KTÜ’ nün en kalabalık fakültelerinden birinde okumak gerçekten güzel; birbirinden güzel kızların içerisinde ders işlemek, çiçek bahçesinde açık havada rüzgarı dinlemek kadar zevkli…
Şaka yapıyorum tabii ki!!
Gittikçe nüfusu artan, parfüm şişelerine batıp çıkmış, ayaklı makyaj kutularının (!) etrafımızda gezdiği ve ders başarısından çok yeni sevgililerle yeni başlangıçlar yapma konusunda başarılı (!) olan titiada okumak gerçekten zor. Eğitim kalitesini sorgulamaya kalkarsak içinden çıkamayız, zaten bize düşmez(!); çünkü çoğumuzun ‘mecburi’ okuduğu bir fakülte, kötü eğitim sisteminin bir sonucu olarak geldiğimiz bu fakültede normal süresinde okulu bitirmek sosyal şartlar ile diğer şartları da ekleyince gerçekten imkânsız gibi. Derse girmeden önce ‘derste güzel kız var mı acaba?’ diye düşünenlerin, derse çalışmaktan çok ayna karşısında ‘daha güzel olmak’ için oturup sadece ‘daha fazla boya badana’ yapanların, derste hocalara slogan atanların, kantinde ‘ben bir öküzüm’ diye bas bas bağıranların, kız için kavga edenlerin, topuklu ayakkabılarıyla senfoni yaparcasına sınav salonlarında dolaşanların, tanınmış birçok hocanın, diskoyu andıran bir kantinin, KTÜ’ nün en aktif kulüplerinin vs. vs. vs. yer aldığı bir yer aynı zamanda titia yani resmi adıyla İİBF’nin…
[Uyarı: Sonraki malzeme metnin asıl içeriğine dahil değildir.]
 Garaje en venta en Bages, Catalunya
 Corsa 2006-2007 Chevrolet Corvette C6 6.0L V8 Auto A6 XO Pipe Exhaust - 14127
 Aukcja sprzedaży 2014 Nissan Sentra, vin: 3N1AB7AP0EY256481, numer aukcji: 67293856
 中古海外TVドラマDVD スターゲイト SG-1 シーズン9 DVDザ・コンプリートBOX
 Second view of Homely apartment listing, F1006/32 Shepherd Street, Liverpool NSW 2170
Zamanın nasıl çabuk geçtiğini en iyi anlayanlardan biri olarak 5. Ve 6. Seneye kadar okulu uzatmayı normal olarak gördüğüm bir yer titia. Çoğu insan Trabzon’u sevmez ama ülkemizin en iyi kampüslerinden birinde okurken derslere mutlaka gidin, uykuyla kanka olmayın, âşık sakın ama sakın olmayın, gömlek değiştirir gibi zamazingo değiştirmeyin, okula mutlaka gidin, etkinliklere ve gezilere mutlaka katılın ve özellikle ücretsiz sertifikalı eğitimleri bir işe yaramasa bile mutlaka takip edin, alın…
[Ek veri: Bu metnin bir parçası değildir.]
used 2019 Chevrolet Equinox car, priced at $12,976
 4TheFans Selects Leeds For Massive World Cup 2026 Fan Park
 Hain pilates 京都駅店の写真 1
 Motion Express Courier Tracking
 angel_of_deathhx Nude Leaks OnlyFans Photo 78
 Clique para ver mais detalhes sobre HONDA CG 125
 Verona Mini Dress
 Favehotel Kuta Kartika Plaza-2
Ve kızlar… Dudaklarınız büyük gözüksün diye o ruju burnunuza kadar sürmeyin rica ediyorum ya…
Not: Bu yazı bir dergi için yazılmıştı fakat dergi çıkmadığı için sizlerle paylaşmak istedim. Karadeniz Teknik Üniversitesi İİBF ( Titia ) ‘ nın güzel bir özeti olsa gerek.